During a recent holiday, in North Wales, I took myself away from the family for a couple of hours and visited the portal dolmen, called Bachwen, in Clynnog. While there, I noticed a pale-pink and badly crushed carcass of a crab, that something, a gull perhaps, had placed on the capstone. Then, alive and below the stone, stuck to a loose wisp of sheep’s wool and the sea-green lichen of the door, was a snail. The two creatures, or the state symbolised by each, seemed to be in juxtaposition, a reversal of the expected placement at a tomb; life now inside and death out.
A human perspective, of course. Our own lives would seem interminable, immortal even, godlike, to such as these and non-human life very much carries on, even in the grave. As does our use of symbols to represent our expectations and fears, our adjustments to the fact of our own mortality.

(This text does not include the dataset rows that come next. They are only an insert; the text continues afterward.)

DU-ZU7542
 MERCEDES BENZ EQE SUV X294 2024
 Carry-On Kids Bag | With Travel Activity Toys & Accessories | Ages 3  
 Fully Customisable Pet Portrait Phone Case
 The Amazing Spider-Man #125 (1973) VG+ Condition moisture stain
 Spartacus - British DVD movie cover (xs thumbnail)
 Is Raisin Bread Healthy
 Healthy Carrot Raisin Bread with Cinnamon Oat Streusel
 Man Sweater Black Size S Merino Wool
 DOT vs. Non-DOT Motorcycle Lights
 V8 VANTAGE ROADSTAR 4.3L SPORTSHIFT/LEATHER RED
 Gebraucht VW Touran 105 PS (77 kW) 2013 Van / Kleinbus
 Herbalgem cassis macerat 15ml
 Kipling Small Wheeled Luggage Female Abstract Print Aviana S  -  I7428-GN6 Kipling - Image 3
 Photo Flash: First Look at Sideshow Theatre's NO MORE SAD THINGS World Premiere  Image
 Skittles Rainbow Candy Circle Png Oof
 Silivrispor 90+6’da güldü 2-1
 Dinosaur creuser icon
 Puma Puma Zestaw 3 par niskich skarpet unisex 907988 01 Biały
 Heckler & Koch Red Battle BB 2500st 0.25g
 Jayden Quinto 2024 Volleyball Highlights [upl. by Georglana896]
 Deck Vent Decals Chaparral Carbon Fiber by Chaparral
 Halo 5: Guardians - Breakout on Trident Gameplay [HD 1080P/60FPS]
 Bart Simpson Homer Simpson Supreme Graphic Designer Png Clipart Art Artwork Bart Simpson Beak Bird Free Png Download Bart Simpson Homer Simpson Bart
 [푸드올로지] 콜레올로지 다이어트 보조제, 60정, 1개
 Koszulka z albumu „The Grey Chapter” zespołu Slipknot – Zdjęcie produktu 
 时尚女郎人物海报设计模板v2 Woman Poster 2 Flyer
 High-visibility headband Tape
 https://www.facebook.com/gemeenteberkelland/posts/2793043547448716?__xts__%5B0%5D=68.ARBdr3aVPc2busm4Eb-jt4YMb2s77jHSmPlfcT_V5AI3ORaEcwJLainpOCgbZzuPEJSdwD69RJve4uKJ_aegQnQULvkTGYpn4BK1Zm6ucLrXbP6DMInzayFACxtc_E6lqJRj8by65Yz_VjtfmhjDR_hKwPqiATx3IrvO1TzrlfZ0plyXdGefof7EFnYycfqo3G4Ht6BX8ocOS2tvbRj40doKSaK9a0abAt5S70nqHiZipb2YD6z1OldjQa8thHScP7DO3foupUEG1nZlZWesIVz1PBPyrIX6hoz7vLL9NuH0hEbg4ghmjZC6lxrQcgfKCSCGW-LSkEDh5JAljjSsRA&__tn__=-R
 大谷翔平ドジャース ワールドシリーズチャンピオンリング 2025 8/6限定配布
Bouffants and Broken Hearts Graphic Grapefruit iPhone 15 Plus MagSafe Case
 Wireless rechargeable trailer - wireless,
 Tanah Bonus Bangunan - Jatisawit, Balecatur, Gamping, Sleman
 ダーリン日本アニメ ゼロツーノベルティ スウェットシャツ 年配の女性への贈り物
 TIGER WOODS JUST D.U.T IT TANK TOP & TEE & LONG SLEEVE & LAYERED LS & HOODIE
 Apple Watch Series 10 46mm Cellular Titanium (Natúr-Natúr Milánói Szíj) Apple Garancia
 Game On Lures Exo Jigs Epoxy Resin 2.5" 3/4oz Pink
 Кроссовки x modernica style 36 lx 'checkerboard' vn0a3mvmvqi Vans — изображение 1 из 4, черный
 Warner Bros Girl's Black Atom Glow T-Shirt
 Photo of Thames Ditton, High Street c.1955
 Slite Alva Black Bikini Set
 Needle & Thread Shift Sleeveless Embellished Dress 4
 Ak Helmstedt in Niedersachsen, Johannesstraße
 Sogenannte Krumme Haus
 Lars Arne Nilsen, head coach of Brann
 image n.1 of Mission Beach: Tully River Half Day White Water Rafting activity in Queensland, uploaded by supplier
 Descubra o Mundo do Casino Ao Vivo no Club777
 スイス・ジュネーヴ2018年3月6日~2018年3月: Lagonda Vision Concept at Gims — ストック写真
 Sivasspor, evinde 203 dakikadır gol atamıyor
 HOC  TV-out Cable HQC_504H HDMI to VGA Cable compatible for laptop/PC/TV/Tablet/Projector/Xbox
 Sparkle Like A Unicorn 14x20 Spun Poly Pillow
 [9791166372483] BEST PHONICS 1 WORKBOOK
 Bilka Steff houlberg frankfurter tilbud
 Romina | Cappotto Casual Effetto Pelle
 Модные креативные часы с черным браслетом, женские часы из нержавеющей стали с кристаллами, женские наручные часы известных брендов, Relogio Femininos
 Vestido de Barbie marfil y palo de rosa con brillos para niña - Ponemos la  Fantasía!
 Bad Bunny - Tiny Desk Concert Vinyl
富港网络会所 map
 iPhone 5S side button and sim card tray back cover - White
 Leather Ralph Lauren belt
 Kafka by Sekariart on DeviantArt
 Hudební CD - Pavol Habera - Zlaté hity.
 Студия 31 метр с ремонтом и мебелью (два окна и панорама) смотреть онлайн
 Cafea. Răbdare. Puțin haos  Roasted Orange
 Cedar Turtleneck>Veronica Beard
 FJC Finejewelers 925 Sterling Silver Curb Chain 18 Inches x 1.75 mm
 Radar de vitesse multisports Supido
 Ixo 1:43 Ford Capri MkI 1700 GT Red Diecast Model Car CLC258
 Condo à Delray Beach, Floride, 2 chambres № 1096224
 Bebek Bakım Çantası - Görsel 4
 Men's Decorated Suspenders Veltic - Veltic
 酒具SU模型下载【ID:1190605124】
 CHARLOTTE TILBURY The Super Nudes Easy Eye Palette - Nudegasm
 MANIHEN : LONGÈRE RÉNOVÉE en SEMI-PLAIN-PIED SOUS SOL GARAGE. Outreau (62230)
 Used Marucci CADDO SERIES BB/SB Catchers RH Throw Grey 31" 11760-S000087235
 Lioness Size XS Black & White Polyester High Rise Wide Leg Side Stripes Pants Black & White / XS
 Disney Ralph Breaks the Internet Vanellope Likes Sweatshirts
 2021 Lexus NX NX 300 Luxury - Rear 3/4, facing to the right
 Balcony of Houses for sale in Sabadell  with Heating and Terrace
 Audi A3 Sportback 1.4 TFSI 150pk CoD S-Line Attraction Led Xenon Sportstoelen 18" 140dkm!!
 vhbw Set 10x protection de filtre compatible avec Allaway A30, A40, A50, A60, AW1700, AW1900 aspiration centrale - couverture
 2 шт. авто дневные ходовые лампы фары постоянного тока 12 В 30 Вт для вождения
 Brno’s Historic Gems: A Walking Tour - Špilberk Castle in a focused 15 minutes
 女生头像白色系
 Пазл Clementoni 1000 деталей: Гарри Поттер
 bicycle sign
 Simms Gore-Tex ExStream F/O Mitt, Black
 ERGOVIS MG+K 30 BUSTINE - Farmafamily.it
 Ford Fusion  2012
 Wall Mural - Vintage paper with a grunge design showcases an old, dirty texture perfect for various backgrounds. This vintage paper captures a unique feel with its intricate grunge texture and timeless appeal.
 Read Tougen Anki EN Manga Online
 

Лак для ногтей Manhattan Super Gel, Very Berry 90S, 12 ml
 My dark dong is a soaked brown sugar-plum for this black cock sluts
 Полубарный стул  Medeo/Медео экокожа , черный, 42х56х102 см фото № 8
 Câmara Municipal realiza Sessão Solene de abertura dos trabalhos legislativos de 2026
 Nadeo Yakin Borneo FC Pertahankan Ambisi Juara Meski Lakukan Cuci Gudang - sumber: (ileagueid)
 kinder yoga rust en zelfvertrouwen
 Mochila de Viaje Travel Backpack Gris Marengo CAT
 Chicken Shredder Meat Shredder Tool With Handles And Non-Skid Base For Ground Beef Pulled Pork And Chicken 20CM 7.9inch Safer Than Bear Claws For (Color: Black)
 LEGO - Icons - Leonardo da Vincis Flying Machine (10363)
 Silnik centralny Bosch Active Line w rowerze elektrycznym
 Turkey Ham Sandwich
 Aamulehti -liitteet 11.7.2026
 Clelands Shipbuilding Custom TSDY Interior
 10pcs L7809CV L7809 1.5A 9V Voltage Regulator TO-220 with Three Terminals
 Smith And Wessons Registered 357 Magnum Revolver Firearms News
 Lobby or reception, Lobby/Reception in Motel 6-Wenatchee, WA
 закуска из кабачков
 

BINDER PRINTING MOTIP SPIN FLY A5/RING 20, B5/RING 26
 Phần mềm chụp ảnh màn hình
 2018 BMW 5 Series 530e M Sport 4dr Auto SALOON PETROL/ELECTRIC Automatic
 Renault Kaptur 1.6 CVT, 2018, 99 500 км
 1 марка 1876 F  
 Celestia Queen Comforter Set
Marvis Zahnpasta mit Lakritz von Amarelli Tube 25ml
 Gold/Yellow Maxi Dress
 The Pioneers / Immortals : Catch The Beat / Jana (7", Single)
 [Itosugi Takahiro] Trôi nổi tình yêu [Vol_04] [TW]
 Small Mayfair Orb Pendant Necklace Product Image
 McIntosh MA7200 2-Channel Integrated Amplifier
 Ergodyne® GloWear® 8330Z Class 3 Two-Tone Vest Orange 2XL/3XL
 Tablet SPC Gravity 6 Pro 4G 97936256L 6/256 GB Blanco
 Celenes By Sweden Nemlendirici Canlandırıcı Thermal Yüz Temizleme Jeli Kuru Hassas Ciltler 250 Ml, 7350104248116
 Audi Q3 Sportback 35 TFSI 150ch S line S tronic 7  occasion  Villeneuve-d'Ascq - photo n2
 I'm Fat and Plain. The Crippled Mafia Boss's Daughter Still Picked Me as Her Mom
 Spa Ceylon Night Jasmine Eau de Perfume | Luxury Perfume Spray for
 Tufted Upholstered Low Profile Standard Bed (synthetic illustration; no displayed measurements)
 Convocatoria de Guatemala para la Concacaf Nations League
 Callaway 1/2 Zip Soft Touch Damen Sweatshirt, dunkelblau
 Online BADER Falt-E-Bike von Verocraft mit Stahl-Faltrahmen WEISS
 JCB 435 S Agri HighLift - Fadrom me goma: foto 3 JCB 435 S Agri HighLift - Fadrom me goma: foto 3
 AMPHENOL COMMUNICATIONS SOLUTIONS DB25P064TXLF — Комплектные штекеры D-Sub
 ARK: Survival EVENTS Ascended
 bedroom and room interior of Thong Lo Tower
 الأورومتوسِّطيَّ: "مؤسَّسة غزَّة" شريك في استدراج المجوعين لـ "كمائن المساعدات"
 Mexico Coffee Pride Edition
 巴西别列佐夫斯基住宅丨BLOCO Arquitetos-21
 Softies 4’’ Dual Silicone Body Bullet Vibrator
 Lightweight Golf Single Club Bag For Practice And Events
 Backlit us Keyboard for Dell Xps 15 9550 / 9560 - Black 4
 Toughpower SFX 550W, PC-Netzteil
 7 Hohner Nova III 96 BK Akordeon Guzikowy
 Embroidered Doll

Some of the earliest, solid attempts at such representation, or consideration, perhaps re-creation, of the forces of existence, may still be with us, in the form of these Early Neolithic structures. As William O’Brien (2002, 160) suggests, while discussing a different, yet similarly homogenous set of Irish monuments and their effect on the later mythological landscape; “ Clearly, these stone monuments are inherently symbolic and so should reflect in some fundamental way the central beliefs of the religious practice concerned. These beliefs are materialised in the architecture and orientation of these monuments, and in their use-history. While the design of these monuments has functional possibilities (to receive offerings, to hold burials, to congregate people), the consistency of its execution over a wide geographical area suggests a deeper religious significance.”
Or, if you can imagine the words of Mircea Eliade (1958, 216) to apply to the complete dolmen, rather than a single stone; “ A rock or a pebble would be the object of reverent devotion because it represented or imitated something, because it came from somewhere. Its sacred value is always due to that something or somewhere, never to its own actual existence… Their role was generally more magical than religious. Invested with certain sacred powers as a result of their origin or their shape, they were not adored, but made use of.”
The landscape setting and structural features, of this particular class of monument, have recently been investigated by Tatjana Kytmannow, who discovered the majority to be aligned along a valley, parallel or reverse-parallel to a small stream, facing either its source, a confluence or, occasionally, a pronounced bend; “… the presence of a small stream, nearly always parallel to the tomb, and the avoidance of the highest point in the vicinity in 100% of the cases, are strong indications that the precise siting was an integral part of the belief system. Slope direction and tomb orientation are preferably east, the location is in most cases in a sheltered valley and high altitudes are avoided .” (2008, 189)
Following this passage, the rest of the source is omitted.